● **Data section**:
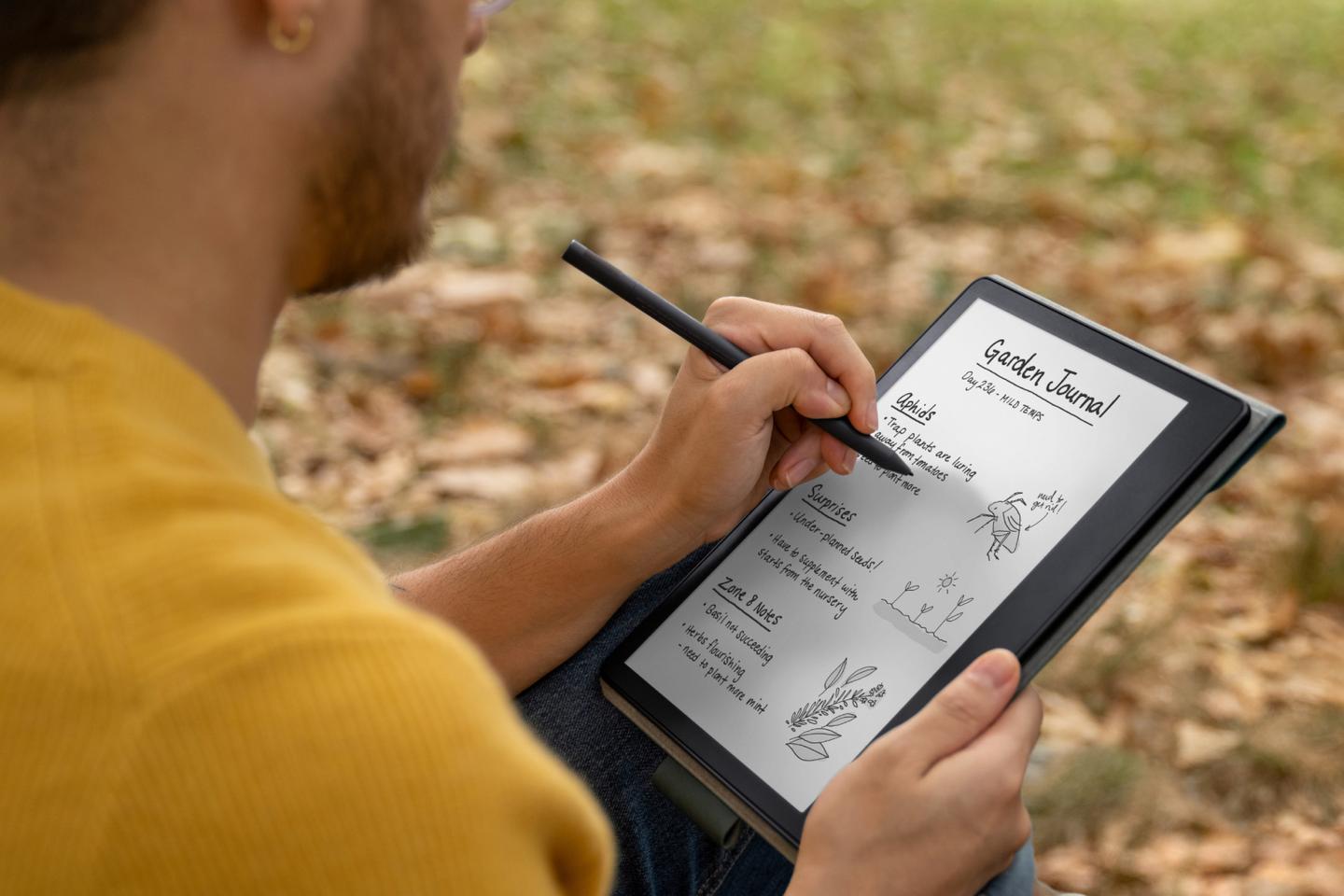 A variety of templates can be used to create purely hand-written documents
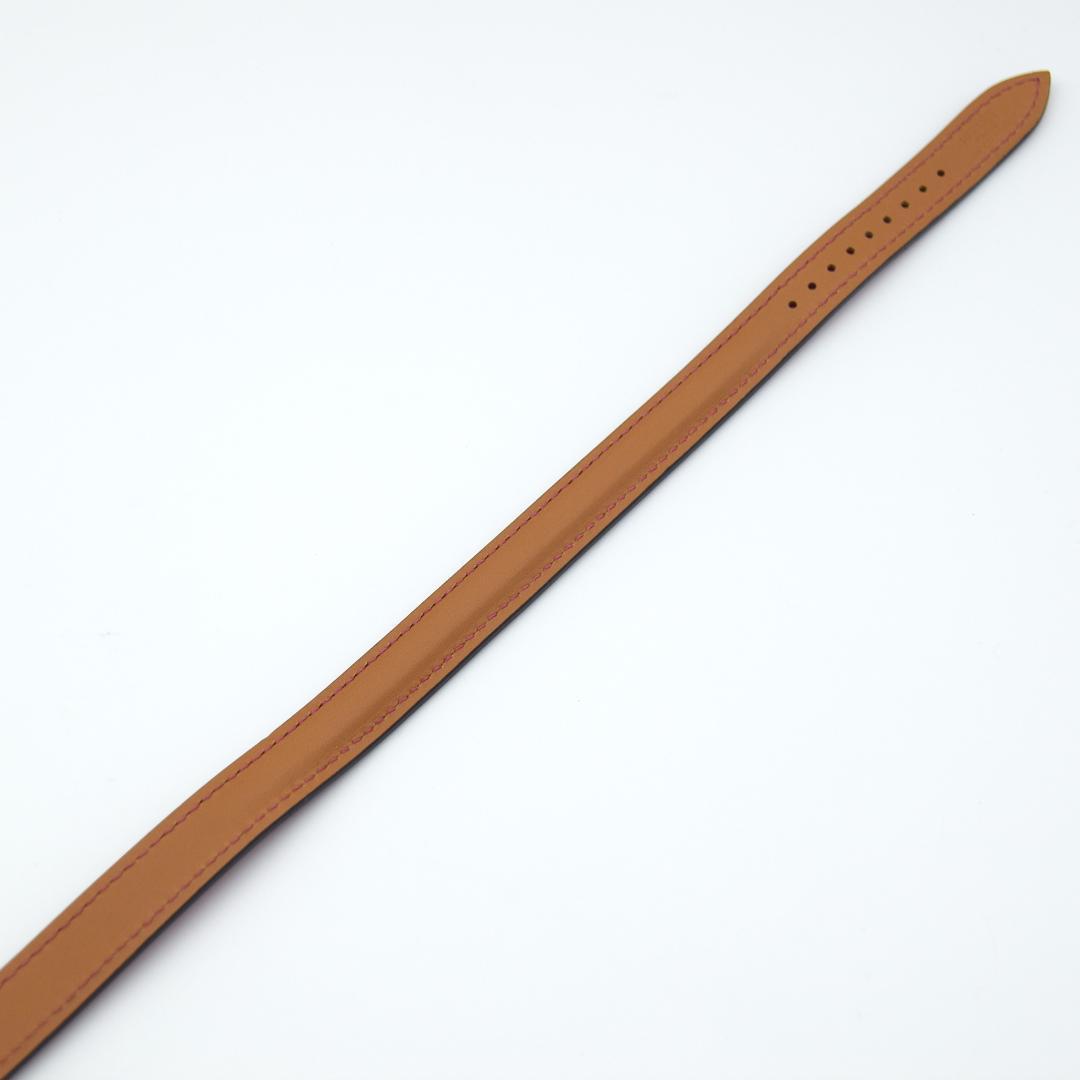 ＊新品＊廃番 エルメス アップルウォッチ ローズメキシコ ドゥブルトゥール　女性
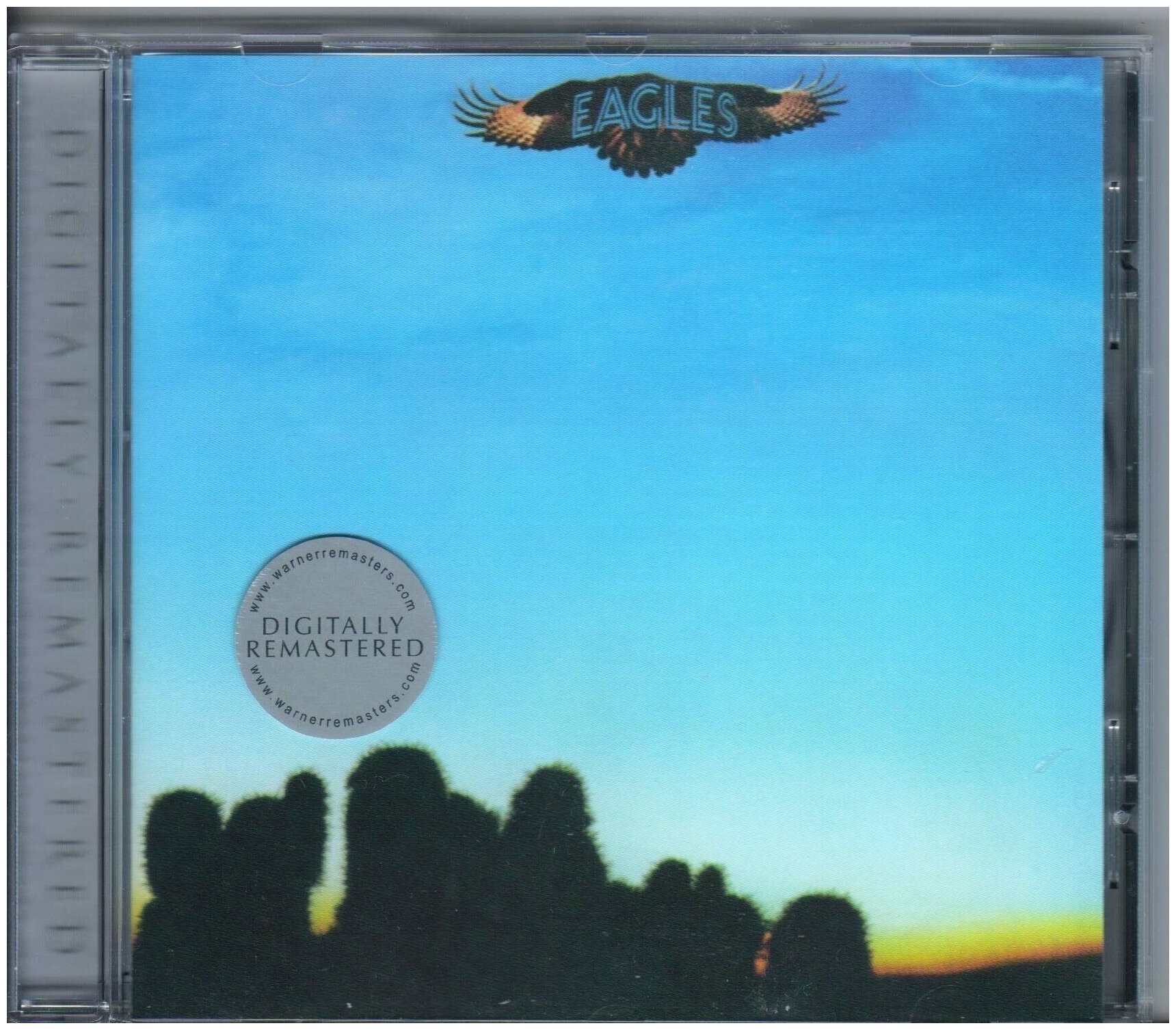 Eagles-EAGLES 1972 ELEKTRA CD Deu ( Компакт-диск 1шт)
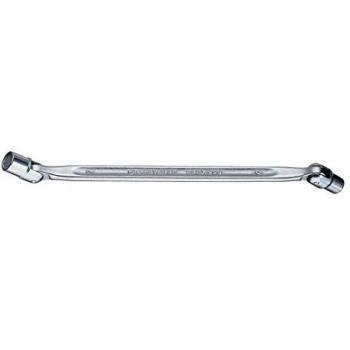 Stahlwille 43010607 Doppel-Gelenkschlüssel 6 mm und 7 mm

● **Work order**: Without including any picture, set down the listing above exactly as it appears.

● **Solution for this task**:
 A variety of templates can be used to create purely hand-written documents
 ＊新品＊廃番 エルメス アップルウォッチ ローズメキシコ ドゥブルトゥール　女性
 Eagles-EAGLES 1972 ELEKTRA CD Deu ( Компакт-диск 1шт)
 Stahlwille 43010607 Doppel-Gelenkschlüssel 6 mm und 7 mm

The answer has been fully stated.